→ **Exercise details**
Type out the complete listing below word for word, without its pictures.

→ **Data excerpt**
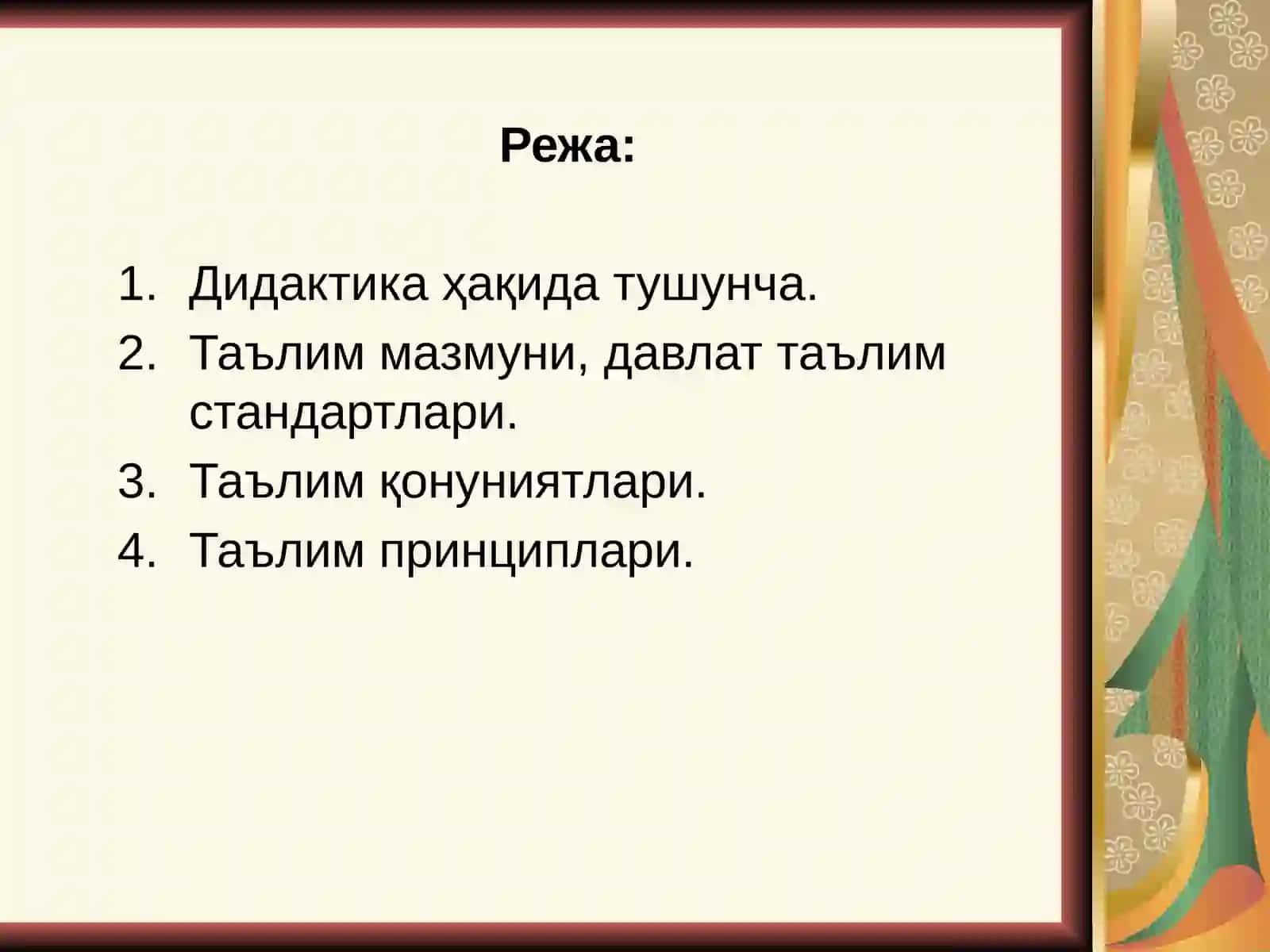 Таълим дараёнининг моҳияти 2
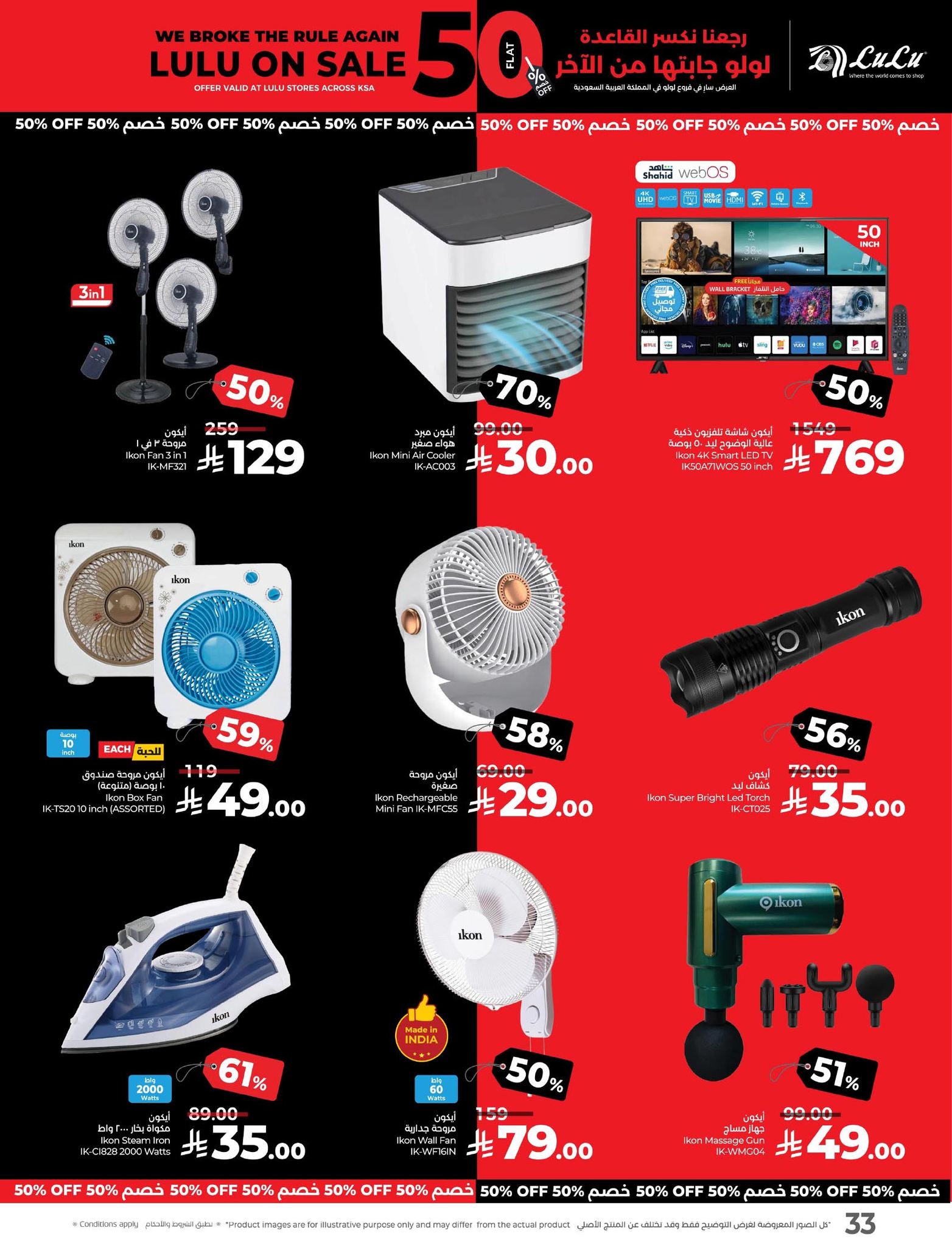 lulu-dammam-shati offers from 25aug to 3aug 2025 عروض لولو الدمام الشاطئ من 25 أغسطس حتى 3 أغسطس 2025 صفحة رقم 13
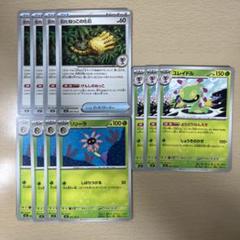 ポケモンカードゲーム デッキシールド 7点セット｜Yahoo!フリマ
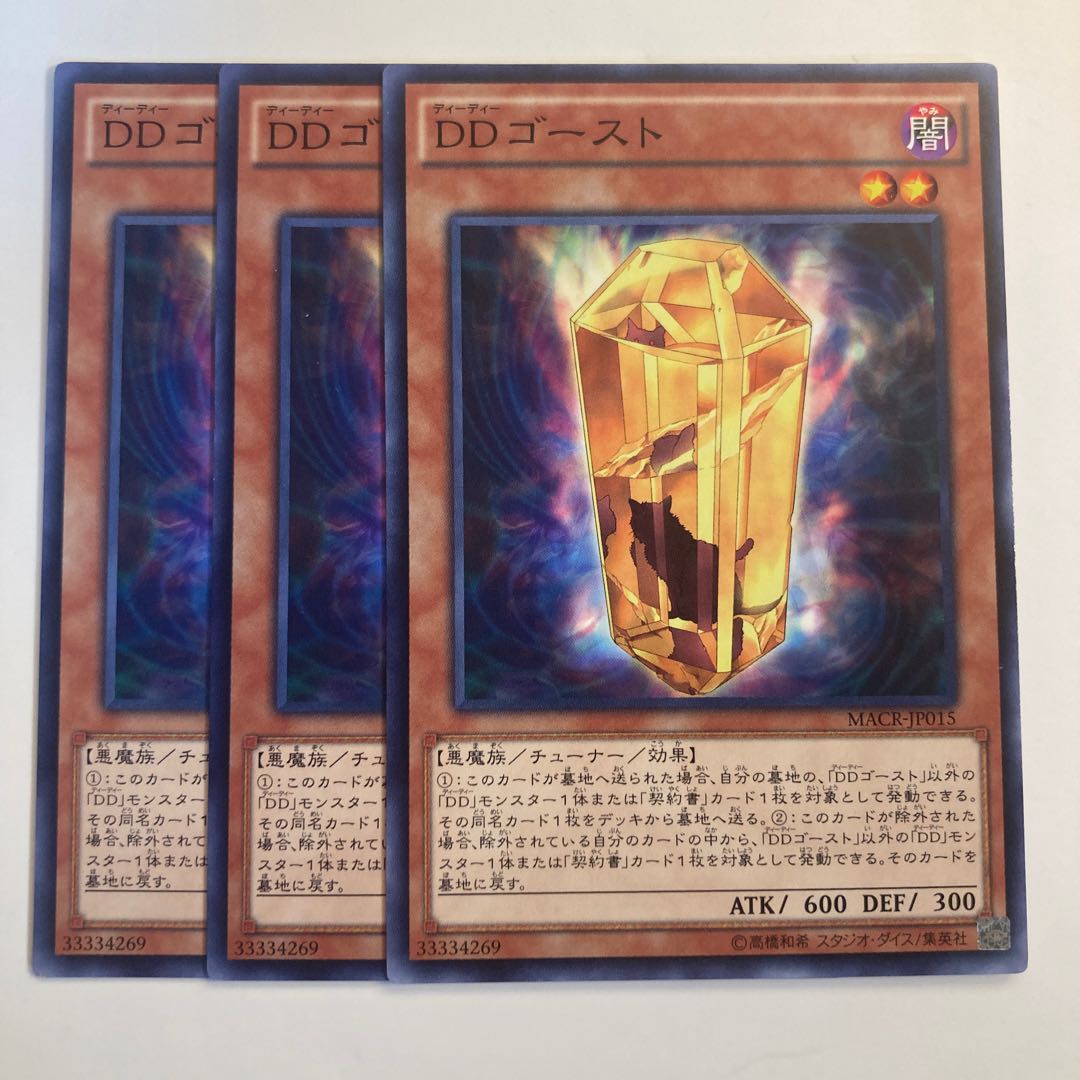 5104 D/D Ghost☆6592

→ **Expected answer**
 Таълим дараёнининг моҳияти 2
 lulu-dammam-shati offers from 25aug to 3aug 2025 عروض لولو الدمام الشاطئ من 25 أغسطس حتى 3 أغسطس 2025 صفحة رقم 13
 ポケモンカードゲーム デッキシールド 7点セット｜Yahoo!フリマ
 5104 D/D Ghost☆6592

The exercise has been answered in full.